A Great Comet is a comet that becomes exceptionally bright. There is no official definition; often the term will be attached to comets that become bright enough to be noticed by casual observers who are not actively looking for them, and become well known outside the astronomical community. Great Comets are rare; on average only one will appear in a decade. While comets are officially named after their discoverers, Great Comets are sometimes also referred to by the year in which they appeared great, using the formulation "The Great Comet of...", followed by the year.
The vast majority of comets are never bright enough to be seen by the naked eye, and generally pass through the inner solar system unseen by anyone except astronomers. However, occasionally a comet may brighten to naked eye visibility, and even more rarely it may become as bright or brighter than the brightest stars. The requirements for this to occur are: a large and active nucleus, a close approach to the Sun, and a close approach to the Earth. A comet fulfilling all three of these criteria will certainly be spectacular. Sometimes, a comet failing on one criterion will still be extremely impressive.

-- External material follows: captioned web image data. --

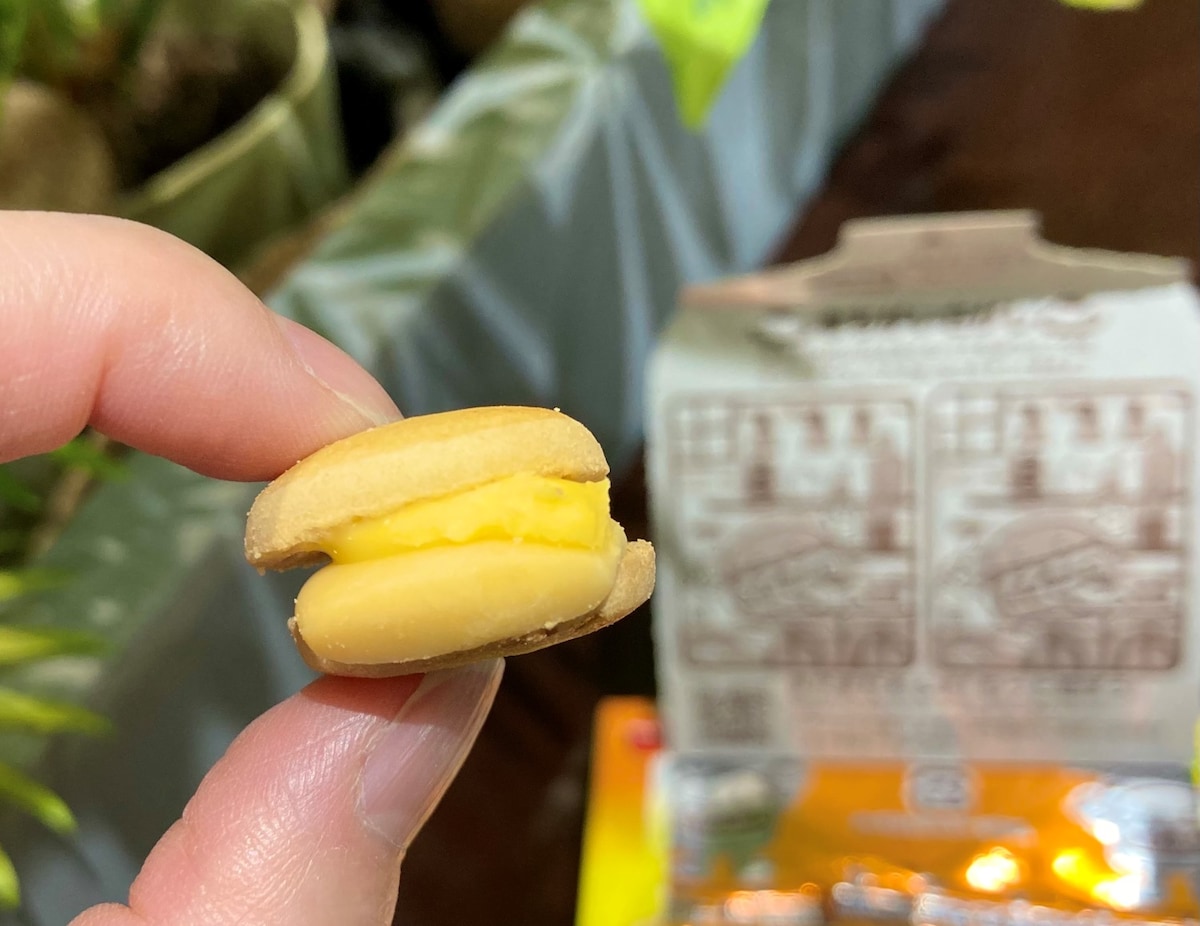 「世界を5回くらい救える美味さ」新作○○味【エブリバーガー】買い込んでしまった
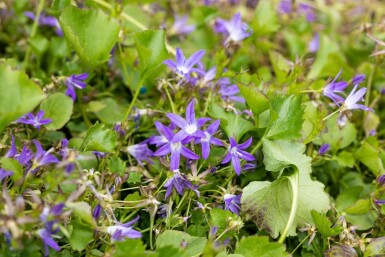 Campanula poscharskyana 'Stella'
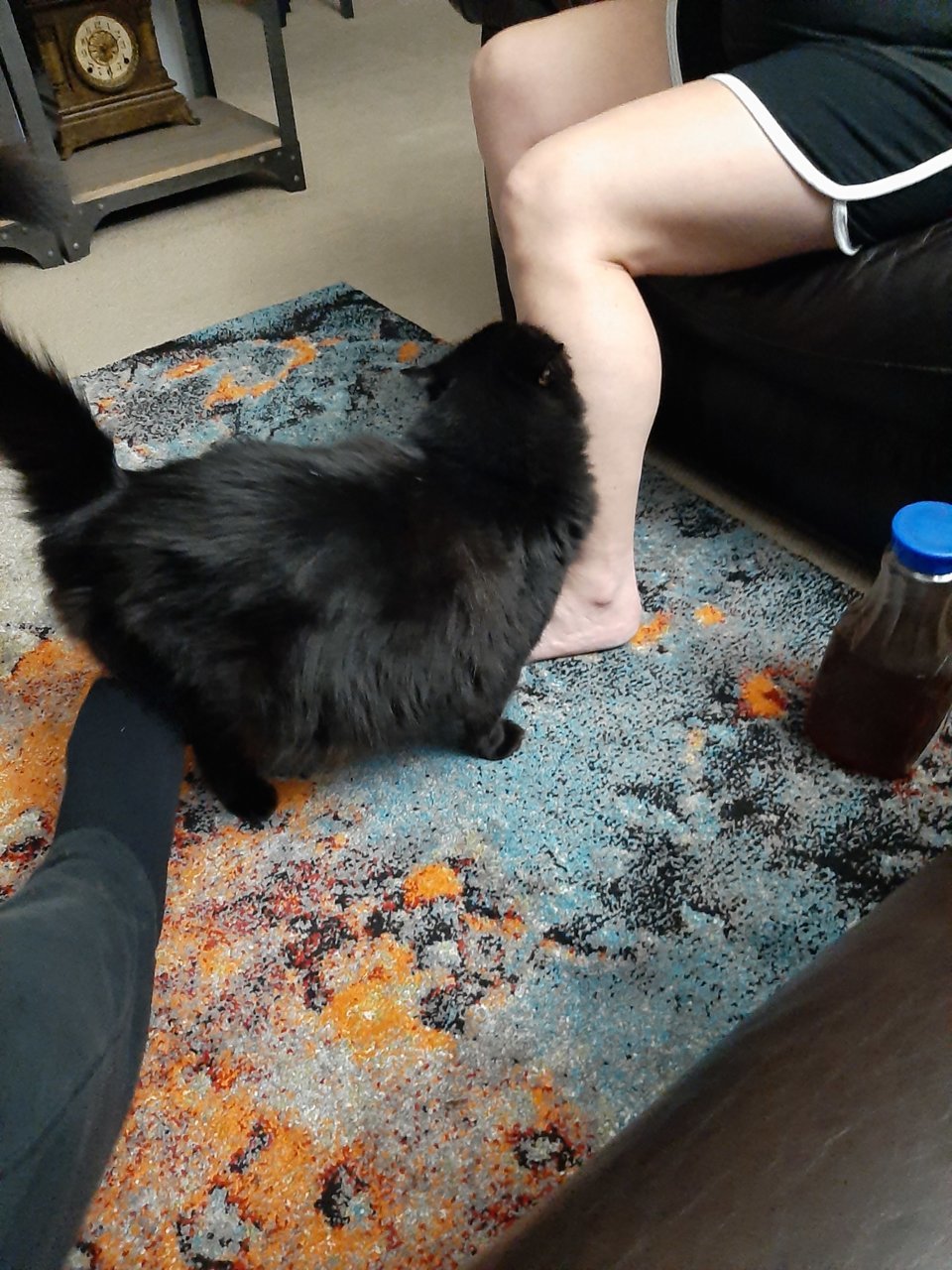 16201078333504163280223536223147.jpg
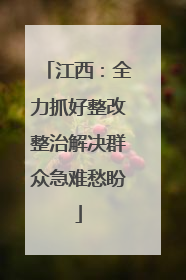 江西：全力抓好整改整治解决群众急难愁盼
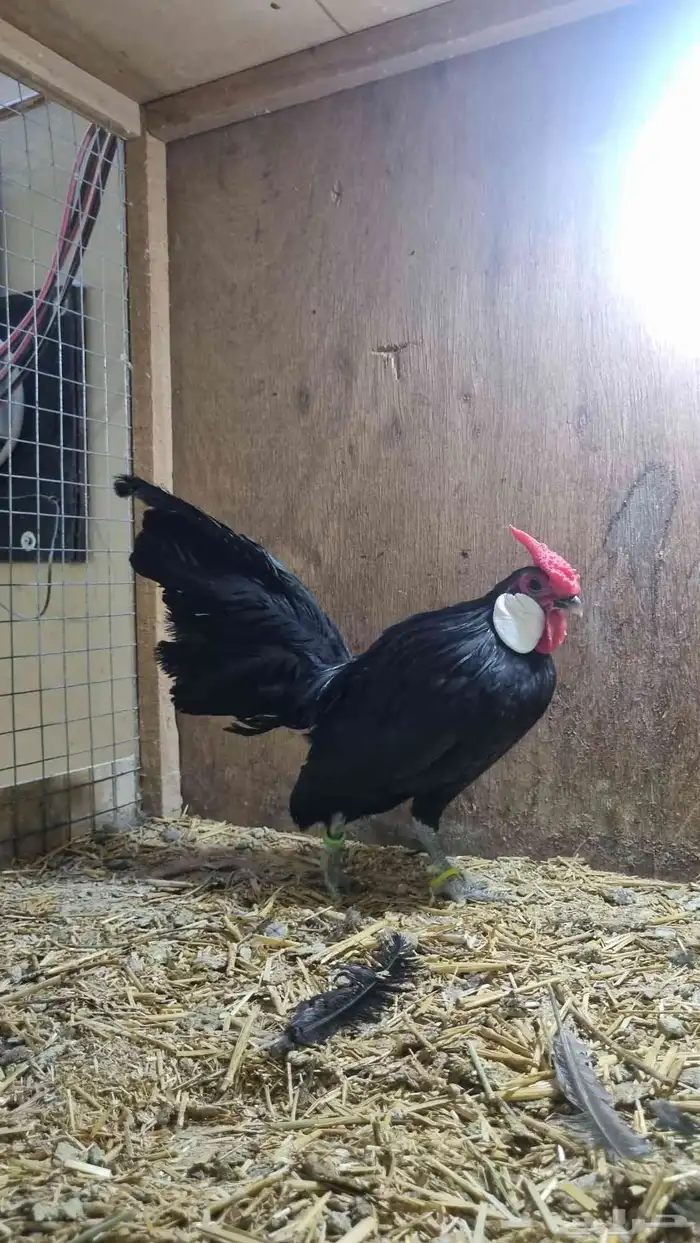 دجاج روز كامب المميز 1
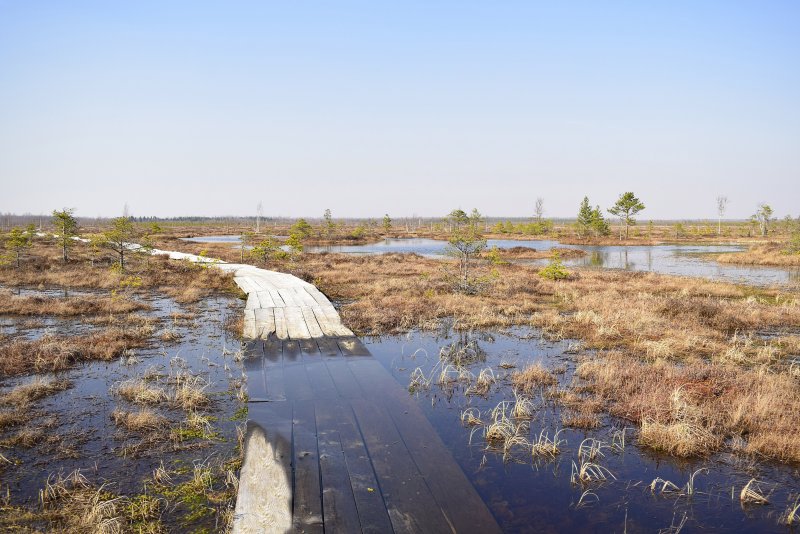 Кемерские болота Латвия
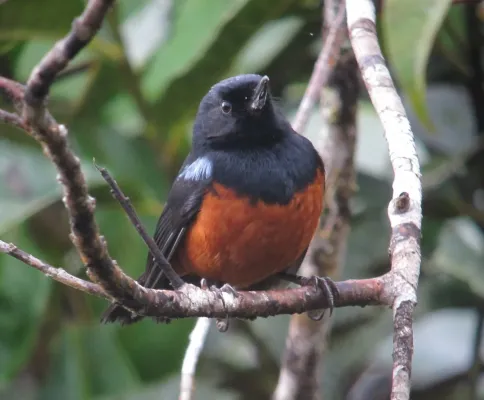 File:Diglossa gloriosissima Picaflor pechirrufo Chestnut-bellied Flowerpiercer (8441224313).jpg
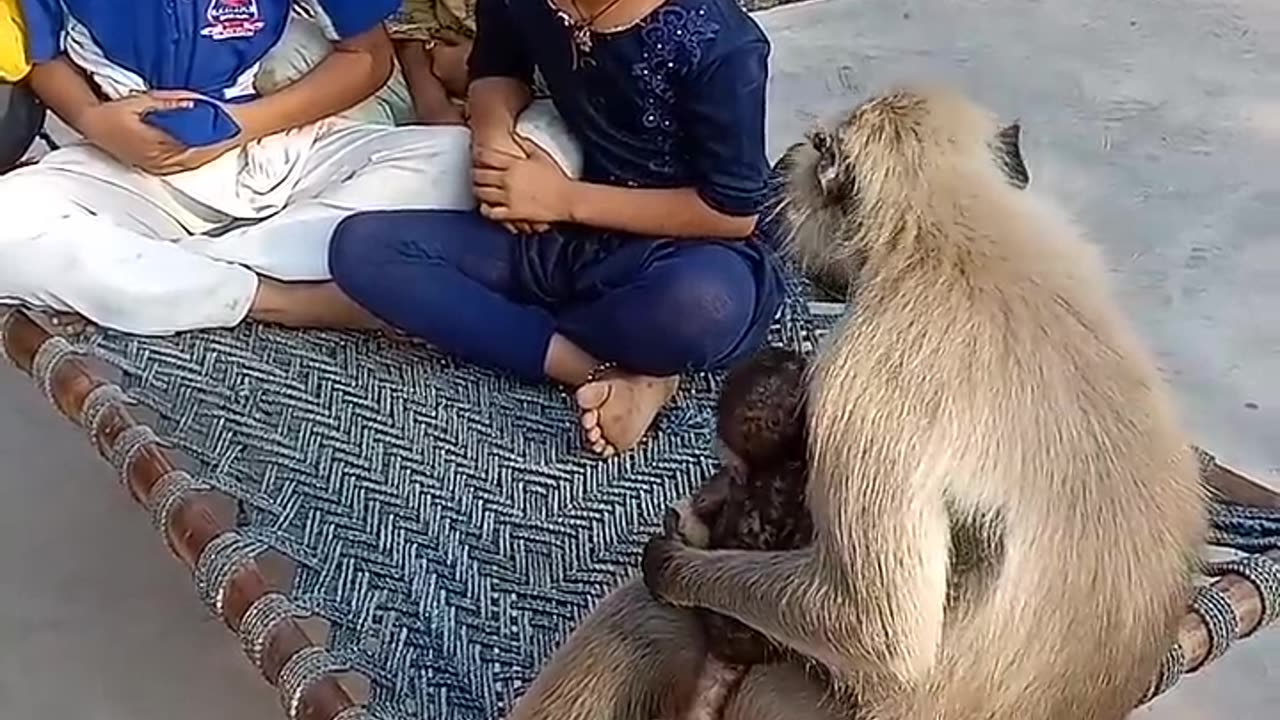 Videos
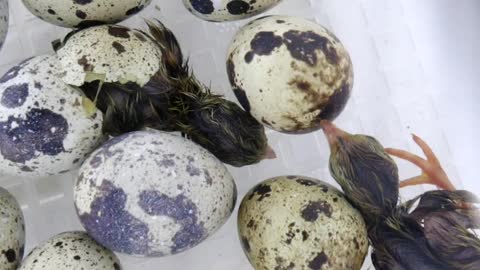 Flock it Farm: Watch baby quail hatch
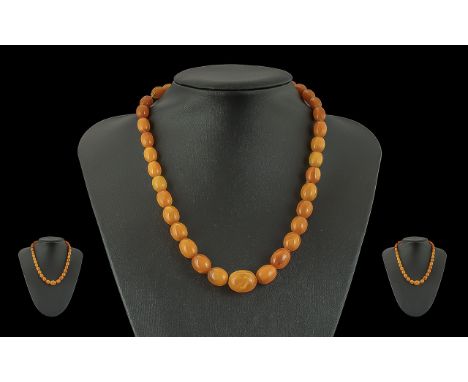 Ladies - Early 20th Century Butterscotch Amber Graduated Beaded Necklace, Bolt Ring, Marked 9ct. of Excellent Warm Colour. Le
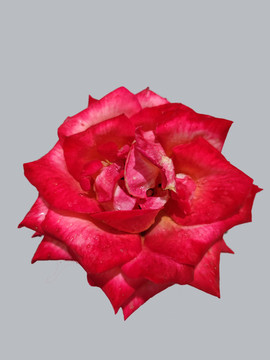 玫瑰花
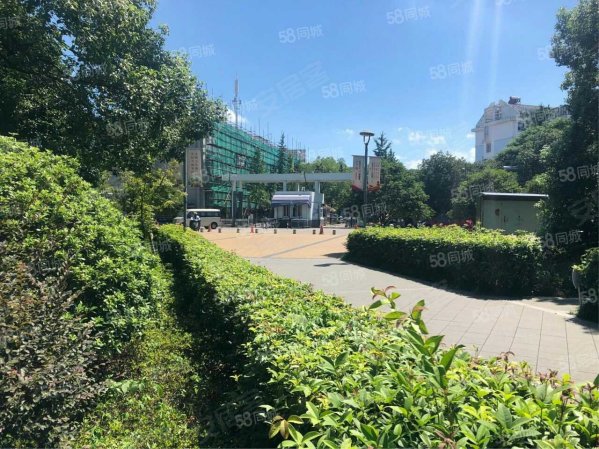 宁波房产网>宁波二手房>江北二手房>洪塘二手房>姚江花园(江北)>599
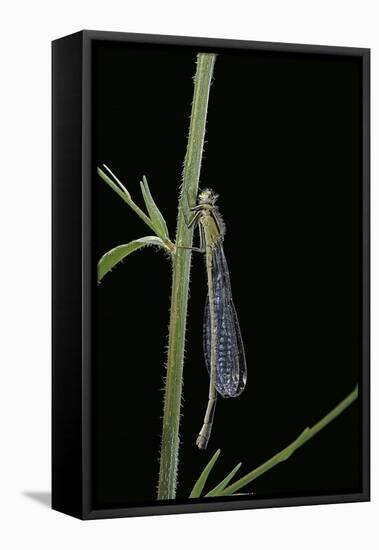 Ischnura Elegans (Blue-Tailed Damselfly)-Paul Starosta-Framed Stretched Canvas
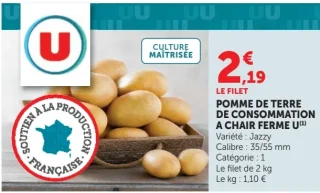 Pomme de terre de consommation à chair ferme U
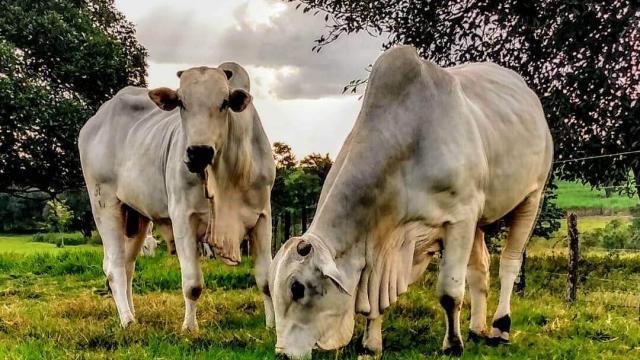 Dicas para o manejo da bovinocultura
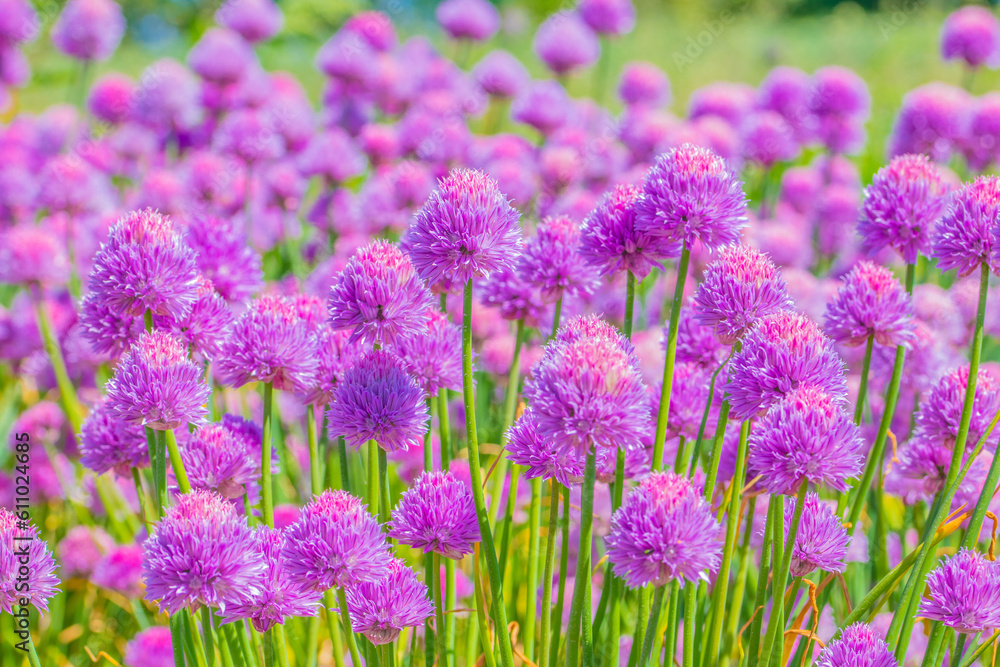 Fototapeta premium Field of Chives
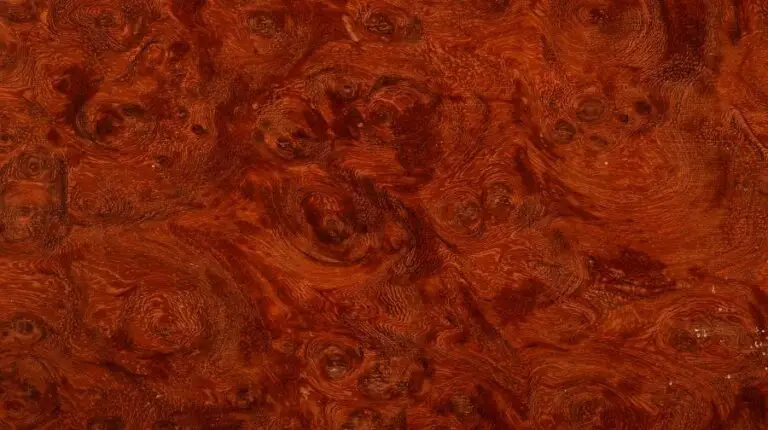 The Ultimate Guide to Burl Veneer: What You Need to Know - Top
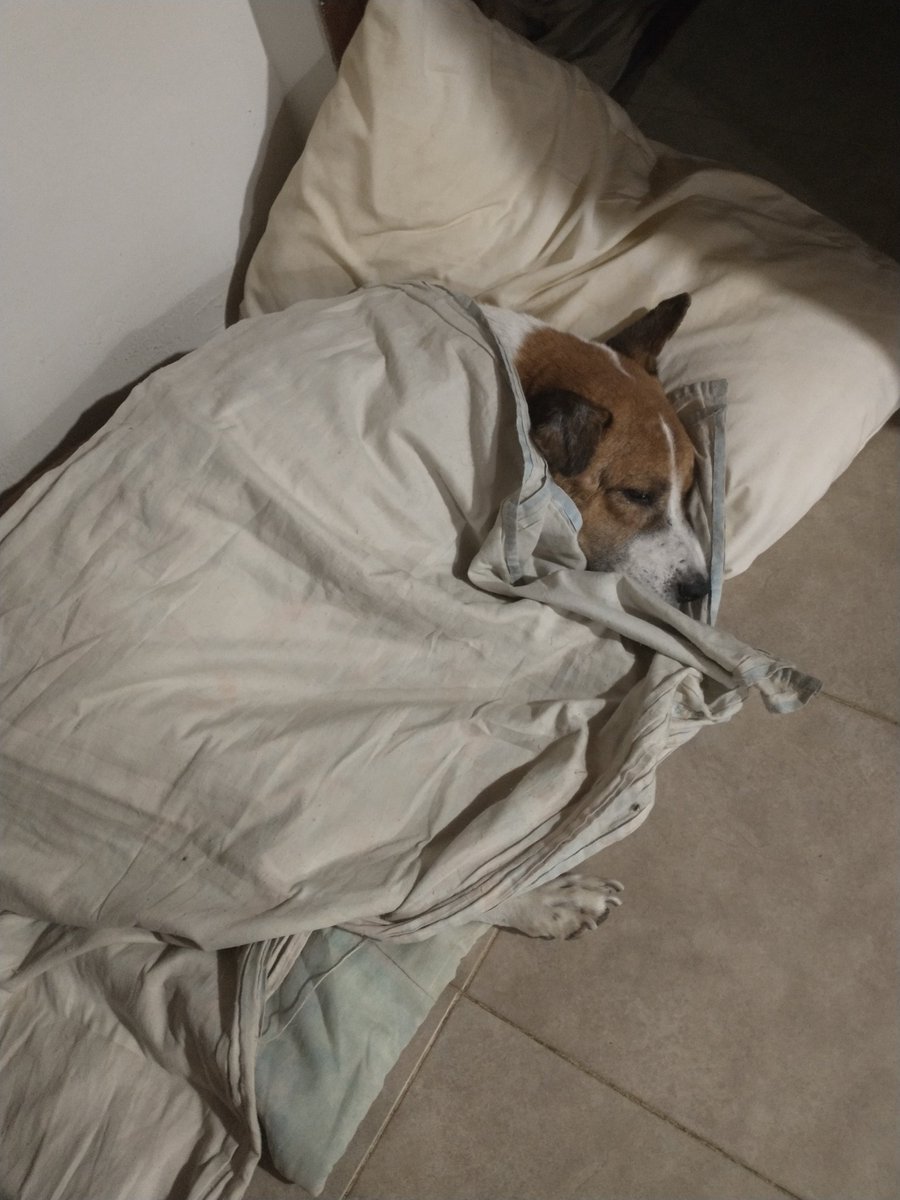 Tengo a este señor enfermo. Lamentablemente no puedo llevarlo al veterinario. Son $30 ya la consulta, eso sin tener en cuenta que posiblemente requiera un eco, rayos x y examen de laboratorio. 
Me ha tocado atenderlo según la sintomatología.
Tiene las patas hinchada y se cansa.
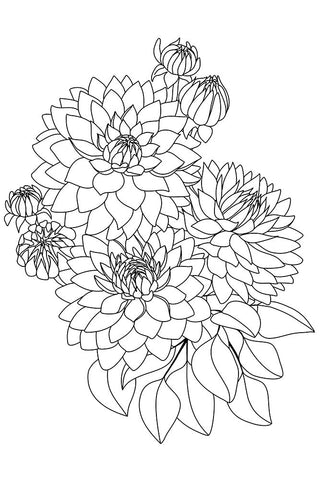Pacey bouquet in black and white Black Ornate Wood Framed Art Print with Double Matting by Laiz Blursbyai, Rosana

For a comet to become spectacular, it also needs to pass close to the Earth. Comet Halley, for example, is usually very bright when it passes through the inner solar system every seventy-six years, but during its 1986 apparition, its closest approach to Earth was almost the most distant possible. The comet became visible to the naked eye, but was definitely unspectacular. On the other hand, the intrinsically small and faint Comet Hyakutake (C/1996 B2) appeared very bright and spectacular due to its very close approach to Earth at its nearest during the March of 1996. Its passage near the Earth was one of the closest cometary approaches on record.